● **Assignment**:
Leaving out every picture, retype the lines below from the top through the one that contains "Torebka Calvin Klein.".

-- Opening Marker --

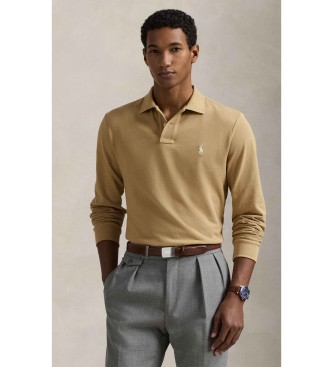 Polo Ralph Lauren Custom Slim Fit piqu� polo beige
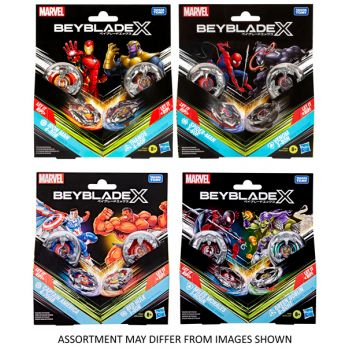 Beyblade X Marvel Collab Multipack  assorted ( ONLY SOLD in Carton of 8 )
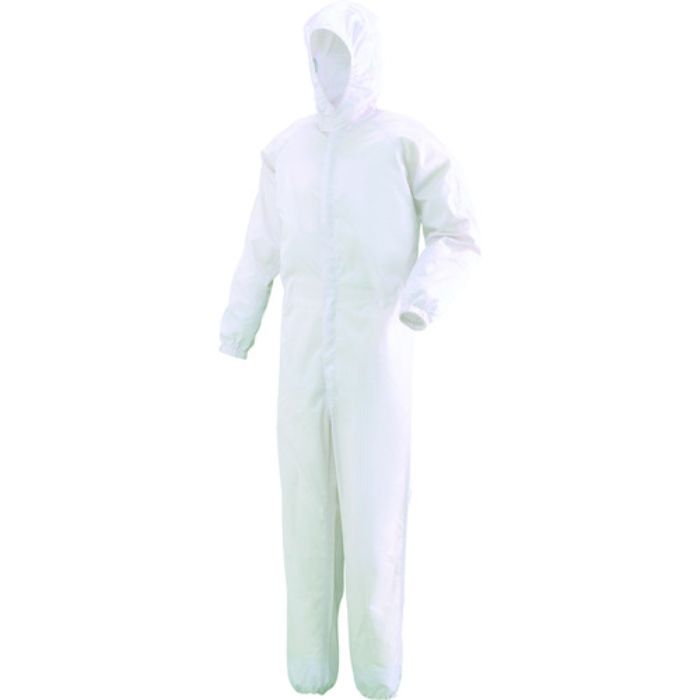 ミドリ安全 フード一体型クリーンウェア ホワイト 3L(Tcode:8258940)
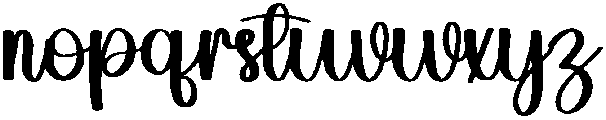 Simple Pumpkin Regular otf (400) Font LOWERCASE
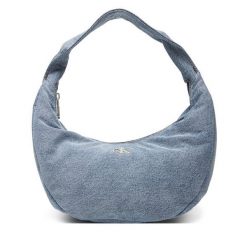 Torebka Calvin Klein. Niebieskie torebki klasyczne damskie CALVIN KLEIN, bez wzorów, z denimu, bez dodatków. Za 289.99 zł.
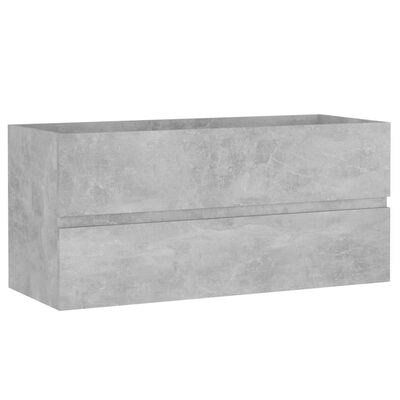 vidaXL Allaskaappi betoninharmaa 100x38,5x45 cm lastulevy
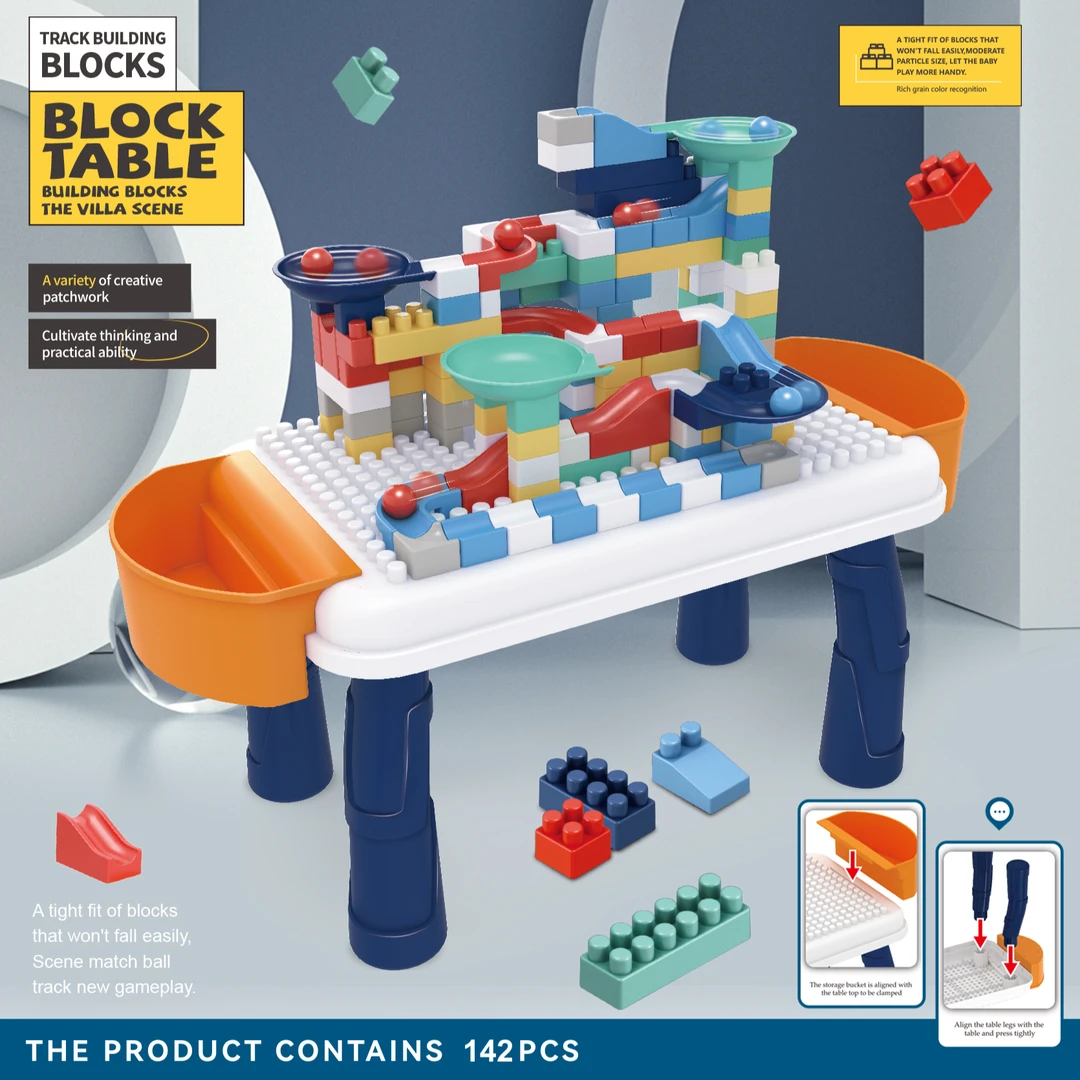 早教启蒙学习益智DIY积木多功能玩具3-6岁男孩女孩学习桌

-- Closing Marker --

● **Exercise output**:
 Polo Ralph Lauren Custom Slim Fit piqu� polo beige
 Beyblade X Marvel Collab Multipack  assorted ( ONLY SOLD in Carton of 8 )
 ミドリ安全 フード一体型クリーンウェア ホワイト 3L(Tcode:8258940)
 Simple Pumpkin Regular otf (400) Font LOWERCASE
 Torebka Calvin Klein. Niebieskie torebki klasyczne damskie CALVIN KLEIN, bez wzorów, z denimu, bez dodatków. Za 289.99 zł.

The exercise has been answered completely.